Last week, Josh if the Nokia Lumia 900 could be Windows Phone’s “Droid”. I think with AT&T, it can well at a lower level, but there’s no way it will reach “Droid” status. It definitely won’t succeed at that level if an upgrade to Windows Phone 8 isn’t on the docket, which is unknown at this point.  It won’t be the “Droid” for sure if there is any truth to what Paul Thurrott is saying. Paul is saying that no current Windows Phones will be upgraded to WP8. Last week a Microsoft Evangelist said that all current models would receive the upgrade. That statement was later retracted.

When the news that Verizon CFO Fran Shammo was talking up Verizon’s interest in Windows Phone, Shawn asked a similar question. I doubt seriously that Verizon would put the same effort into Windows Phone as they did with the wonderfully successful “Droid” campaign that, in my opinion, helped Android’s success tremendously. When friends ask me questions about their “Droid”, when they are using AT&T Samsung Galaxy S variants, it’s apparent that Verizon did a great job marketing the “Droid”. With the poor sales of the HTC Trophy and the whole KIN thing, I’m thinking that Verizon might be a bit cautious with jumping all in with Microsoft again.

I have been all over Verizon and Microsoft on Twitter about  the lack of a good Verizon Windows Phone 7.5 offering. Since Verizon is the carrier I use and I want to use Windows Phone, I have selfishly been hammering on this topic. Microsoft needs Verizon and Sprint to get behind Windows Phone for it to succeed. The news that Verizon is in deed looking to jump onboard when Windows Phone 8 is launched is definitely good news. I wish it would happen much sooner, but I suppose I can wait.

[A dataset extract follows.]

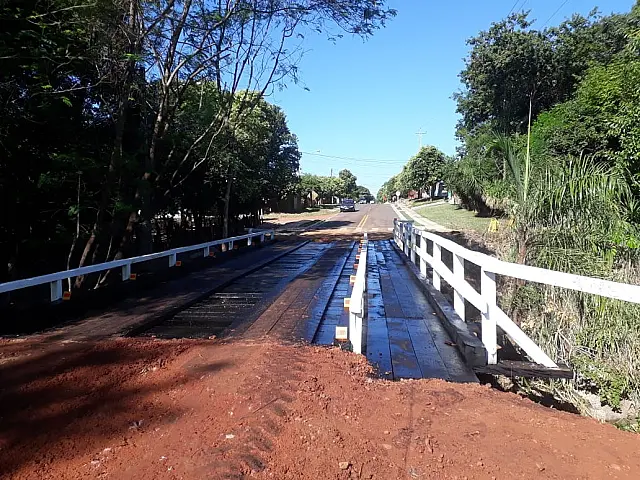 Prefeitura conclui reforma da ponte sobre o Córrego Restinga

More good news for Verizon customers popped up this weekend. According to Phone Arena, a handset identified as a Windows Phone 8 device running on Verizon’s network showed up in some mobile speed tests on DSL Report.

DSL Report’s mobile speed test shows the User Agent belonging to a pair of Windows Phone 8 handsets, the Nokia Fluid and the Qualcomm Fluid. The latter showed up on Verizon with some zippy speeds most likely indicating the presence of LTE connectivity.

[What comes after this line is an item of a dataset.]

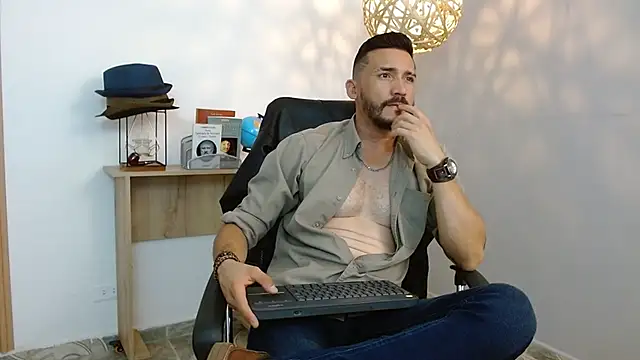 Reiko 85  online show from February 24, 2025, 7:41 pm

This device name has popped up in the stats of other websites as well. I wonder if I could spoof some rumor by editing the build.prop on my Android phone?

I have no doubt, after the news about Verizon and Windows Phone over the last week, that Verizon will be getting involved. They would stupid not to. I don’t think Windows Phone is going to go away anytime soon. Like I said, Microsoft needs Verizon onboard as well.

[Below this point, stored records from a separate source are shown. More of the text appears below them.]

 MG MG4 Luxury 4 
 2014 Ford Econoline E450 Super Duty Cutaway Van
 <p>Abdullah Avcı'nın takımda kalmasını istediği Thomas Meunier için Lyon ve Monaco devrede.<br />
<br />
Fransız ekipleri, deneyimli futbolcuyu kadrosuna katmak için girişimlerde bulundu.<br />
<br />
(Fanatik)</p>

Are you waiting for Verizon to get with the Windows Phone program too?



  1. Ablonso

    04/23/2012 at 1:55 am

    Unreadable, and I really tried.  Think about your grammar for Pete’s sake.

  2. Dave Gilbert

    04/23/2012 at 5:00 am

    Grammar aside, I have been waiting for verizon to offer a high end windows phone. HTC trophy doesnt sell enough because it sucks. Nokia winphone to verizon!!!!

  3. Ablonso

    04/23/2012 at 4:31 pm

    Wow.  Criticism = deletion of comment.  Stay classy.

  4. Mack Knife

    07/18/2012 at 10:40 am

    I think Microsoft is simply waiting for a general release of Windows 8 for other computing devices ala tablets, desktops and will coincidentally release Windows Phone 8 at the same time.

    At no time has there been a single solution across all hardware platforms for an OS. The previous Windows Mobile wasn’t really integration but Windows 8 will be. Apple can’t even come close to the amount of market disruption hundreds of millions of desktop upgrades and a truly compatible and seamless mobile offering will have.

    Forget figuring out how to use one device and one OS on your mobile phone and another for other things. Expecting Microsoft to react as if it were a small company or a mostly single product line company like Apple (their depth is a lake, Microsoft an ocean) isn’t realistic.

    It is one thing to change an OS for a mobile phone and a few models of computers and laptops. Quite another to change and make it work for dekstops, laptops, tablets, mobile phones, servers, extensive software suites and a support system that reaches into nearly every business on the planet. Think about it.